Yemen's Houthis escalate crackdown
In their latest wave of arrests, Houthi rebels in Yemen have jailed scores of people for celebrating a national holiday on what the Iran-backed militia considers the wrong date.
"Since 1962, Yemenis have celebrated September 26 as the birth of the Yemen Arab Republic," said Thomas Juneau, a Middle East analyst and professor at the University of Ottawa in Canada.
"However, for the Houthis, that date symbolically marks a very clear threat to their legitimacy," he said, adding that "any celebration of September 26 can be perceived as a call for a return to a republican Yemen, which is antithetical to what the Houthis stand for."
Instead, the Houthis have sought to enforce September 21 as the country's national holiday.
On that day in 2014, the militia — which was redesignated as terror organization by the US in January 2024 — took over Yemen's capital, Sanaa.
Yemeni civilians have been bearing the brunt of the brutal war for the past decade.

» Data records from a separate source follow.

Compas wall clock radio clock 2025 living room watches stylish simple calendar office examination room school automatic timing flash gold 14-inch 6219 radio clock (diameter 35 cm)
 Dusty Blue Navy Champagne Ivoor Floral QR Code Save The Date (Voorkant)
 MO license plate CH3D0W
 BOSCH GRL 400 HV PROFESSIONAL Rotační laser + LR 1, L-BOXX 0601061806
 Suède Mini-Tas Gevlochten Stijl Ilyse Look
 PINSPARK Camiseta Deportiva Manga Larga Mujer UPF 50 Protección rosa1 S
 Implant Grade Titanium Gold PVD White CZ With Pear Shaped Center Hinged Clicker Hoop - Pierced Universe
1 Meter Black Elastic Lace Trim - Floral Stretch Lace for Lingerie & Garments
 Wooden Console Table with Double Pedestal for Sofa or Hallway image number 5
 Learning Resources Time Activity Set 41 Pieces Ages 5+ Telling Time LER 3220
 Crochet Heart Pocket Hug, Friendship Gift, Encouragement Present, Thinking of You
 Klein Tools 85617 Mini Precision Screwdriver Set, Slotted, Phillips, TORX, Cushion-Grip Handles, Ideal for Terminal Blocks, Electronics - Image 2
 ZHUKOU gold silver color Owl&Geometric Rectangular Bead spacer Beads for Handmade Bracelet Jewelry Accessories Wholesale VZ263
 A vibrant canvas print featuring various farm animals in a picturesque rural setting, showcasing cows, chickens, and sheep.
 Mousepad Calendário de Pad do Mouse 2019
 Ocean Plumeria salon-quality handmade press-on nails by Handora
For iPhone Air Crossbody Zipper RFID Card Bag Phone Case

Around half of the 38.5 million population depends on humanitarian aid, hunger is on the rise and severe levels of food deprivation have doubled in Houthi-controlled areas since last year, Joyce Msuya, a senior official in the UN aid coordination office, said in October.
The United Nations and human rights organizations have repeatedly pointed out that Yemenis are suffering under one of the world's worst humanitarian crises, which has already killed hundreds of thousands of people. And the country's humanitarian situation is likely to worsen in the near future.
Since May, the Houthis have been arresting an increasing number of international staff. Around 50 members of the UN, humanitarian organizations and civil society staff have been arbitrarily detained and forcibly disappeared, Human Rights Watch and the United Nations confirmed in October.
"The arbitrary detention of humanitarian personnel and the false accusations against them continue to significantly hinder our ability to provide life-saving humanitarian assistance in Yemen," said Msuya on October 15.